Los manuscritos egipcios y el texto del Nuevo Testamento griego. Egipto y el cristianismo primitivo (III)


Hoy escribe Antonio Piñero:

Como ocurre con prácticamente todos libros de la antigüedad grecolatina, los textos originales del Nuevo Testamento, los denominados autógrafos, es decir lo que escribieron realmente los autores neotestamentarios, lo que salió directamente de sus manos, se ha perdido irremisiblemente.

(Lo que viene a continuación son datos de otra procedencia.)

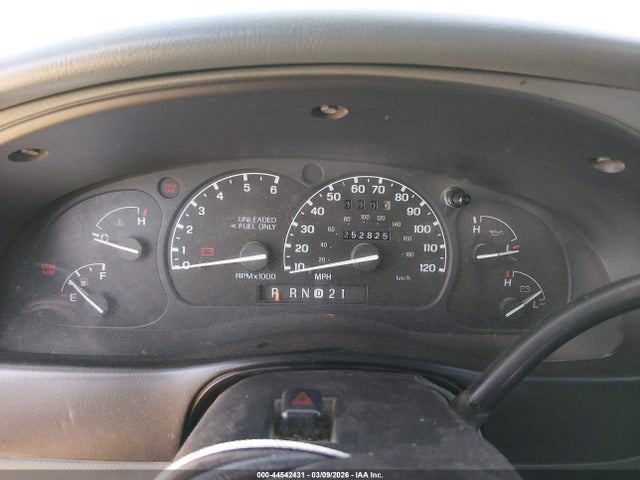 1996 FORD EXPLORER 1FMDU35P3TZB50564 Photo 6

Para establecer aproximativamente cómo era ese texto perdido tenemos que valernos de la “tradición textual”, es decir de los manuscritos que nuestros antepasados nos han legado como copias en cadena de esos escritos primitivos. Ahora bien, también aquí desempeña un papel sensacional Egipto, tanto antes como después del descubrimiento y publicación de los papiros.

Antes de esclarecer un tanto la función de los documentos egipcios –códices y pairos- en este terreno tan difícil como es reconstruir un texto perdido a partir de muchas copias dispares, deseo detenerme un momento en cuál era la situación de la ciencia llamada “crítica textual del Nuevo Testamento” antes de que entraran en escena los papiros.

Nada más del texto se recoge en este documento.